Méthodologie de l’expérimentation qui permet de mieux faire accepter les changements et de mieux les adapter.
Cadre de vie : Apaiser la ville en généralisant les zones de rencontres et les zones 30. Décourager les flux traversiers de circulation. Suppression de plusieurs parkings de surface. Réduire les accès voitures en particulier près des écoles. Mise en place de comités citoyens.
Écologie énergie : Objectif de réduire de 20% les émissions de CO² sur 6 ans, en particulier via l’isolation des bâtiments publics et le transport.

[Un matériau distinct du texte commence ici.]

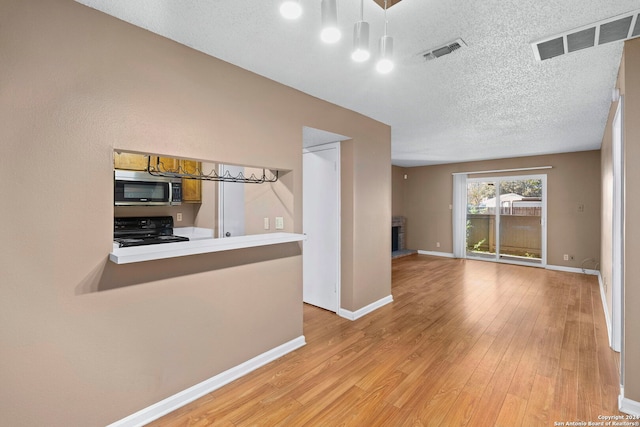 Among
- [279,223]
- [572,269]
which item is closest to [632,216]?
[279,223]

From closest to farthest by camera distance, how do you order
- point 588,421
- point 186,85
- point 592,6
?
1. point 592,6
2. point 588,421
3. point 186,85

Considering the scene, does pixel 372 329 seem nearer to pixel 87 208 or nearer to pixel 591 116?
pixel 87 208

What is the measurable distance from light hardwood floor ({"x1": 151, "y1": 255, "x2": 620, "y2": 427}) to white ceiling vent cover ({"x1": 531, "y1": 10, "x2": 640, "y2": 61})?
2442 millimetres

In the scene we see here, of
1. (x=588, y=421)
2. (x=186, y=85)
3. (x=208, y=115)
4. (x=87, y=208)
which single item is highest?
(x=186, y=85)

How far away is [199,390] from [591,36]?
354 centimetres

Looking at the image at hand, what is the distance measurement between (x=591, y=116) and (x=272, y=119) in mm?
3854

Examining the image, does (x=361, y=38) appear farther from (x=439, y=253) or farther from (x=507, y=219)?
(x=439, y=253)

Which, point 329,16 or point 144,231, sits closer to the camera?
point 329,16

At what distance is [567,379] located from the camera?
7.61ft

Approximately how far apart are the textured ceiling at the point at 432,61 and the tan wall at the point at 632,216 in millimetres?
255

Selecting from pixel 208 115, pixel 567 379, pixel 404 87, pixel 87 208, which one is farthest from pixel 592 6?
pixel 87 208

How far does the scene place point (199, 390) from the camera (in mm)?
2109

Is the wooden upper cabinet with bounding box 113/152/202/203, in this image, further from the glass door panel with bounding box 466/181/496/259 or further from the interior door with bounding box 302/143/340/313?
the glass door panel with bounding box 466/181/496/259

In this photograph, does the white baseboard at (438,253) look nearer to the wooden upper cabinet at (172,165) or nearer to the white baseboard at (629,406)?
the white baseboard at (629,406) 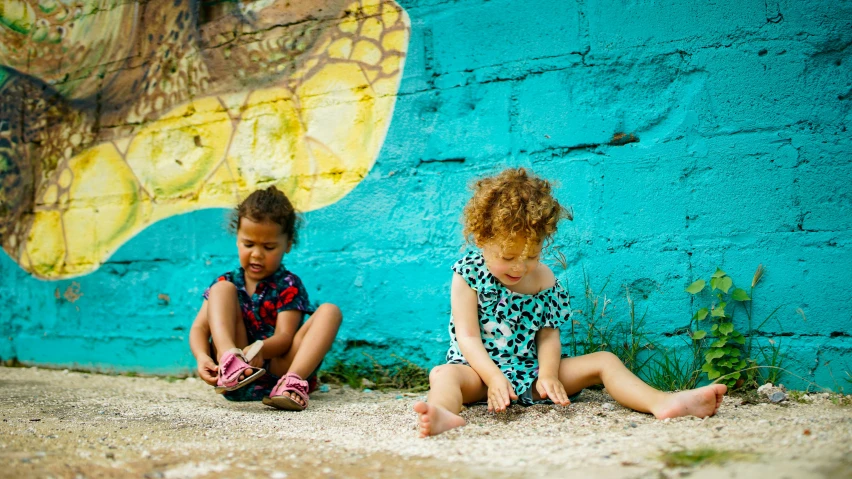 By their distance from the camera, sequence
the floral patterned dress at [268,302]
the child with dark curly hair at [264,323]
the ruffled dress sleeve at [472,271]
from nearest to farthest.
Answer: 1. the ruffled dress sleeve at [472,271]
2. the child with dark curly hair at [264,323]
3. the floral patterned dress at [268,302]

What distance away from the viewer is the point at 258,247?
2.78 m

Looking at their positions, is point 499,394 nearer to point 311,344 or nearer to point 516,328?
point 516,328

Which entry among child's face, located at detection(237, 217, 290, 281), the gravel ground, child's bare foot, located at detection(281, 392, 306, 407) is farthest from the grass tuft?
child's face, located at detection(237, 217, 290, 281)

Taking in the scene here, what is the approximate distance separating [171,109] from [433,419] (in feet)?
7.80

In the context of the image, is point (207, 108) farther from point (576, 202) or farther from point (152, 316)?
point (576, 202)

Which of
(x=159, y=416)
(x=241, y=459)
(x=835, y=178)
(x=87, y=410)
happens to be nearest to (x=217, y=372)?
(x=159, y=416)

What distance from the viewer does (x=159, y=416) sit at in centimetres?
235

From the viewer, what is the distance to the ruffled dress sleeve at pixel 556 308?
7.97 feet

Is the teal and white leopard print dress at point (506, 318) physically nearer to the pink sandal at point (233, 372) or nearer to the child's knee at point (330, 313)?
the child's knee at point (330, 313)

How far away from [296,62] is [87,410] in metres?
1.72

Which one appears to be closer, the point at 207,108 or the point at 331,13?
the point at 331,13

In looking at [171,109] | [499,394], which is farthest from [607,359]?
[171,109]

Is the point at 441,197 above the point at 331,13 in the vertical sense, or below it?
below

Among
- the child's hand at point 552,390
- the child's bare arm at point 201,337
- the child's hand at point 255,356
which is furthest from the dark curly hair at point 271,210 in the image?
the child's hand at point 552,390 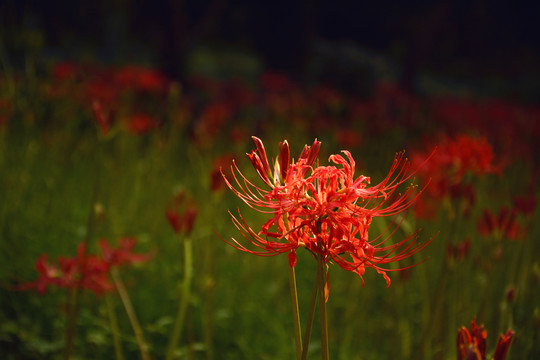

Mobilité : Signalétique généralisée des temps de déplacement piétons et vélo pour guider le public. Implantation d’un funiculaire pour faciliter l’accès au plateau à partir de parkings externes.

Martine Pinville (De l’espoir pour le vélo)

Cadre de vie : Revitaliser les quartiers, réhabiliter les friches, arrêter l’extension des nouvelles zones commerciales, organiser de multiples événements annuels. Éveil à la culture dans les écoles, tiers lieux d’exposition et de rencontre, création de maisons de services. Renforcer la propreté de la ville.
Écologie énergie : Rien de porté à notre connaissance.
Mobilité : Redonner l’accès aux piétons et aux cyclistes.